Intelligent-Tiering performance considerations

Here are a few important performance considerations when working with file systems using the Intelligent-Tiering storage class:

  • Workloads reading data with smaller I/O sizes will require higher concurrency and incur more request costs to achieve the same throughput as workloads using large I/O sizes due to higher latency from Intelligent-Tiering storage tiers. We recommend configuring your SSD read cache large enough to support the higher concurrency and throughput when working with smaller IO sizes.
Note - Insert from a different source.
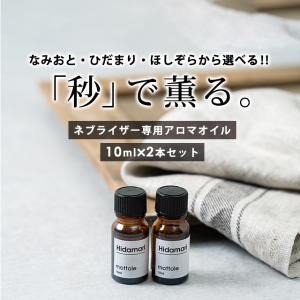 ネブライザー式アロマディフューザー 専用オイル 2本セット MTL-A014 なみおと ひだまり ほしぞら 香り セット mottole｜mottole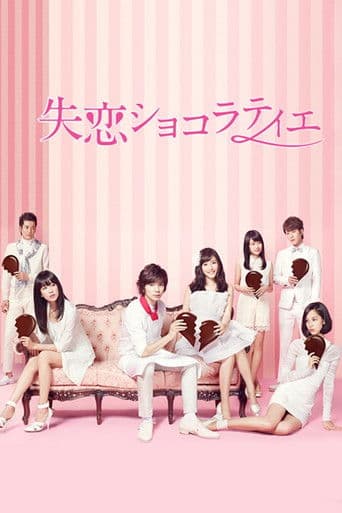 실연 쇼콜라티에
  • The maximum disk IOPS your clients can drive with an Intelligent-Tiering file system depends on the specific access patterns of your workload and whether you have provisioned an SSD read cache. For workloads with random access, clients can typically drive much higher IOPS if the data is cached in the SSD read cache than if the data is not in the cache.

  • Intelligent-Tiering storage class supports read-ahead to optimize performance for sequential read requests. We recommend configuring your data access pattern sequentially when possible to allow for pre-fetching data and higher performance.